Openj9: MathLoadTest+LockingLoadTest Systemtests failing on HotSpot VMs (8 and 9) on x86

Created on 23 Jan 2018 · 8Comments · Source: eclipse/openj9

Issue as follows - need to determine correct behaviour and decide which VM is giving the correct result, and adjust test accordingly. Currently test is set up with the expected result from J9

MLT testStarted : testExp(net.adoptopenjdk.test.math.MathAPITest)
MLT testFailure: testExp(net.adoptopenjdk.test.math.MathAPITest): exp(double)[9] :: expected:<11.3842406513381> but was:<11.384240651338098>
MLT junit.framework.AssertionFailedError: exp(double)[9] :: expected:<11.3842406513381> but was:<11.384240651338098>
MLT at junit.framework.Assert.fail(Assert.java:57)

Standalone test case that should show the problem:


import java.math.*;

public class Exp
{
 public static void main(String[] args)
 {
   String rc_String;
   rc_String = Double.toString(Math.exp(-1.2232D));
   if ( rc_String.equals("0.2942869403572507") ) {
     System.out.println ("Test 1 passed: Expected 0.2942869403572507, got " + rc_String);
   }
   else {
     System.out.println ("Test 1 failed: Expected 0.2942869403572507 (value returned by OpenJDK), got " + rc_String);
   }
 }
}

Build links:
https://ci.adoptopenjdk.net/view/System%20tests/job/openjdk9_hs_systemtest_x86-64_linux/6/
https://ci.adoptopenjdk.net/view/System%20tests/job/openjdk8_hs_systemtest_x86-64_linux/4/

question

Source

Mesbah-Alam

Most helpful comment

While it may be permissible to return different values for the same mathematical operation on different implementations, a user may simply (and not unreasonably) expect the result of the operation to be the same across all java platforms,

As Peter says, users who want that should be using StrictMath. Different compilers, OSes, CPUs, etc may result in different values which are still within the allowed bounds of the Math operations.

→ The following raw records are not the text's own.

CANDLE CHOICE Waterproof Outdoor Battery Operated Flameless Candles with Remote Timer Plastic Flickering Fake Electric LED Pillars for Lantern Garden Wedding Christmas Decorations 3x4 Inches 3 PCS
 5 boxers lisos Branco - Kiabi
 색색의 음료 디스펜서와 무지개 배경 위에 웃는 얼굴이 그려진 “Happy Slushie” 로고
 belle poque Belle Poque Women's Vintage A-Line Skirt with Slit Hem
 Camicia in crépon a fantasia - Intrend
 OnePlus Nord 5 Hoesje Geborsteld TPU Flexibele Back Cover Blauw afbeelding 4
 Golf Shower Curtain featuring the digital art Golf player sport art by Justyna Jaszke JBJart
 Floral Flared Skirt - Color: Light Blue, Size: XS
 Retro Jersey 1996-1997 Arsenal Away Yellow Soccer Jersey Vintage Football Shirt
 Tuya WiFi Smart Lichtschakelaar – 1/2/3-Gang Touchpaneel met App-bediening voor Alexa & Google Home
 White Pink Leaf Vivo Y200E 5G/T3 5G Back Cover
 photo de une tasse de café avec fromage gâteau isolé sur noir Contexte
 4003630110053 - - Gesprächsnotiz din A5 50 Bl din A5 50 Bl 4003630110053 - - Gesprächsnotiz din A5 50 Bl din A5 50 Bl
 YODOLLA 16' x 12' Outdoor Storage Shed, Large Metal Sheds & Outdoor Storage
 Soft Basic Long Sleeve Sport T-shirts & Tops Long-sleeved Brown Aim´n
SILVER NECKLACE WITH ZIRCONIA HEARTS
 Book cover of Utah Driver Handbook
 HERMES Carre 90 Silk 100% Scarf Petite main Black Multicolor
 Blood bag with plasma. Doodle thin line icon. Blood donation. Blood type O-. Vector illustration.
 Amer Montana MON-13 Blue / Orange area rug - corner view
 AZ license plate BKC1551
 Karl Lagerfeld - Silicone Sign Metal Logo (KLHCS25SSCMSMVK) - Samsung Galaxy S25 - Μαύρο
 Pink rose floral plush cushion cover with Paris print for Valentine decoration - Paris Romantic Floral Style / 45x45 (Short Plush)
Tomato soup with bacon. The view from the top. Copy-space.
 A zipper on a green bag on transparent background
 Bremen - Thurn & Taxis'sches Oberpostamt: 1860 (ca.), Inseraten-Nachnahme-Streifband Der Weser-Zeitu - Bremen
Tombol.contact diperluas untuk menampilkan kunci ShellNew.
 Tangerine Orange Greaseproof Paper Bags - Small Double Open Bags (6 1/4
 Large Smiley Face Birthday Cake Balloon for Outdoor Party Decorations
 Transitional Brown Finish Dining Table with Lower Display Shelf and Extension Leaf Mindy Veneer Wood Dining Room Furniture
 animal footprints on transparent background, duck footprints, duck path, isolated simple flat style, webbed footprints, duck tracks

The test should validate that the result is within 1 ulp as required by the spec. Someone (Mark?) pointed out that Math has helper methods to help with this validation. The test should be using those methods to determine if the result is "valid"

DanHeidinga on 31 Jan 2018

👍2

All 8 comments

Related issue in openjdk-systemtest repo: https://github.com/AdoptOpenJDK/openjdk-systemtest/issues/8

Mesbah-Alam on 23 Jan 2018

The results from both JVMs are correct. Please check the spec for java.lang.Math.

Using java.lang.StrictMath, for this particular test case the result is "0.29428694035725067", which matches the OpenJ9 result.

The spec for Math.exp(double) states The computed result must be within 1 ulp of the exact result. Results must be semi-monotonic.

The spec for java.lang.Math explains this:

Unlike some of the numeric methods of class StrictMath, all implementations of the equivalent functions of class Math are not defined to return the bit-for-bit same results. This relaxation permits better-performing implementations where strict reproducibility is not required.

By default many of the Math methods simply call the equivalent method in StrictMath for their implementation. Code generators are encouraged to use platform-specific native libraries or microprocessor instructions, where available, to provide higher-performance implementations of Math methods. Such higher-performance implementations still must conform to the specification for Math.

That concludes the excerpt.